:: Task item ::
With pictures omitted, copy exactly the lines from the one containing "You can adjust" through the end of the records below.

Collected data entries:
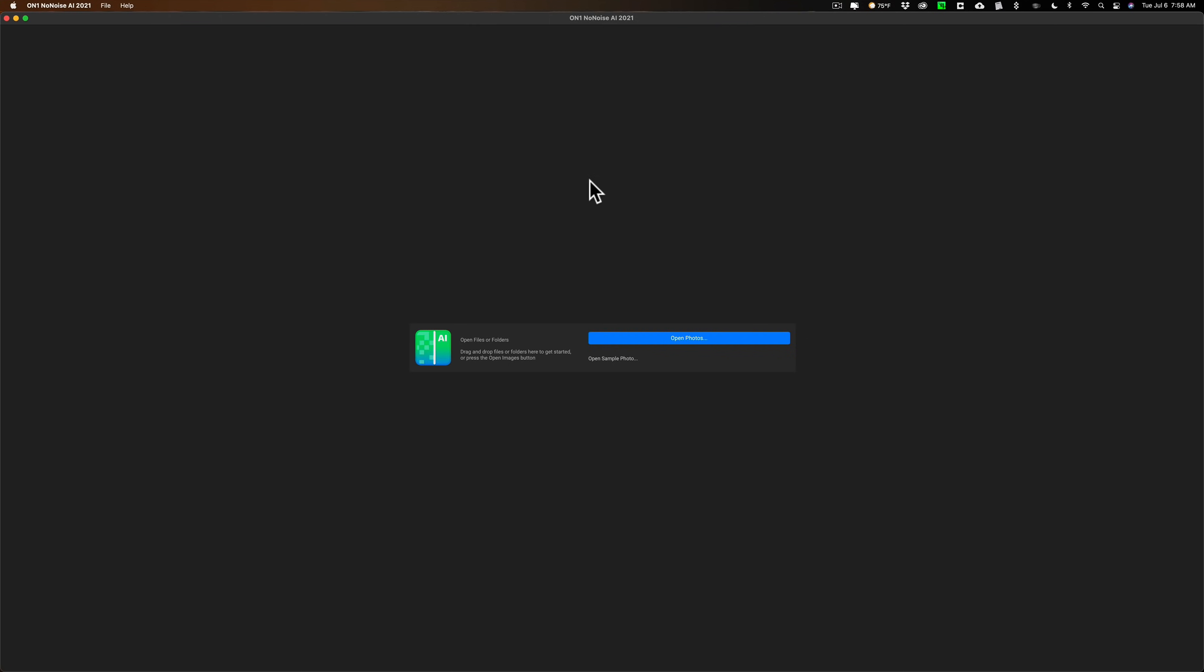Now DenoiseAI has more what they call AI models, so it has the advantage that it may be more versatile. It'll work on more different types of images more effectively like a night image maybe. It might work better because it has a specific noise AI model for night images. So they each have their advantages and disadvantages. But I want to show you this real quick.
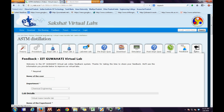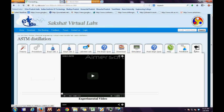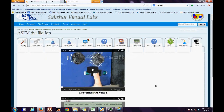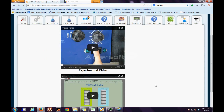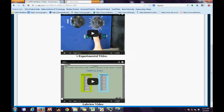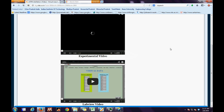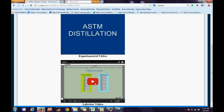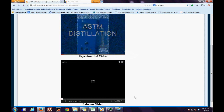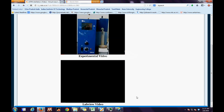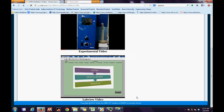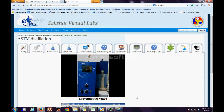Next comes the video tab, which consists of both the real world and the virtual world experimental videos. These videos will further give the user an idea as to how the real world experiment looks and how the virtual world experiment looks.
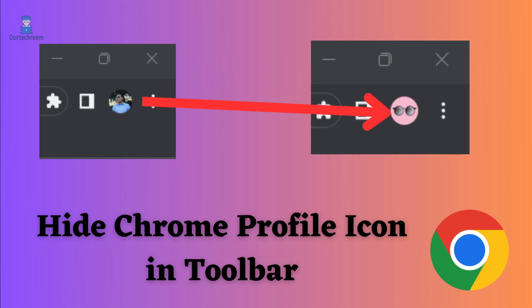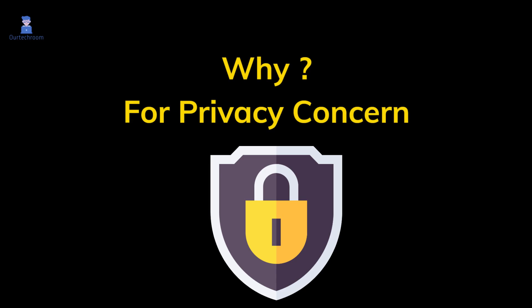How to hide Chrome profile icon in toolbar. People prefer to hide their profile pictures if they are sharing their computer and they do not want others to see their profile pictures. One of the reasons people hide is for privacy concerns. Let's look at how to hide profile icon from Chrome.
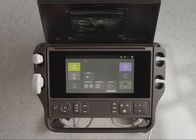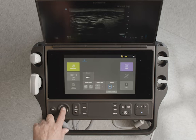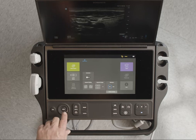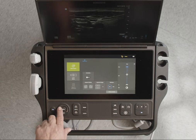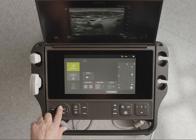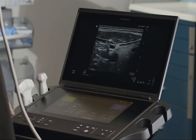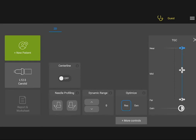You can adjust the gain on your system in several ways. Use Auto Gain to automatically adjust the image. Use the Gain Wheel. Use the TGC Control and the Touch Panel to adjust the on-screen gain controls for fine control of the gain profile.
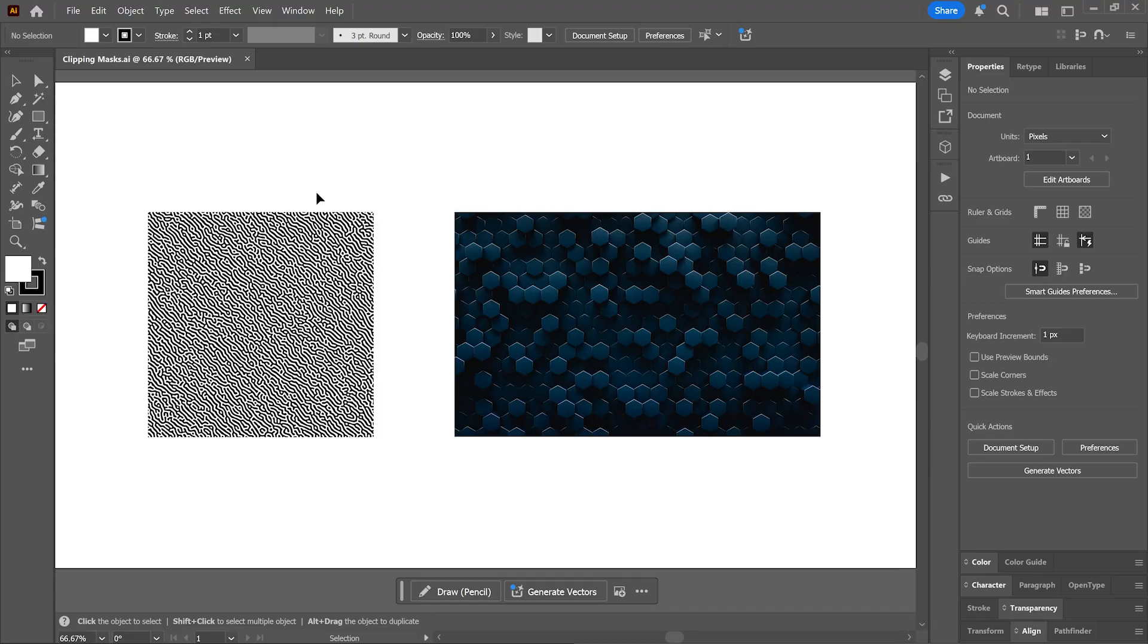Clipping masks in Illustrator is one of my favorite subjects to discuss, said no one ever. But still, it's very important to know how they work because sometimes you just want to put some artwork inside a shape.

:: Reply to the task ::
You can adjust the gain on your system in several ways. Use Auto Gain to automatically adjust the image. Use the Gain Wheel. Use the TGC Control and the Touch Panel to adjust the on-screen gain controls for fine control of the gain profile.
Clipping masks in Illustrator is one of my favorite subjects to discuss, said no one ever. But still, it's very important to know how they work because sometimes you just want to put some artwork inside a shape.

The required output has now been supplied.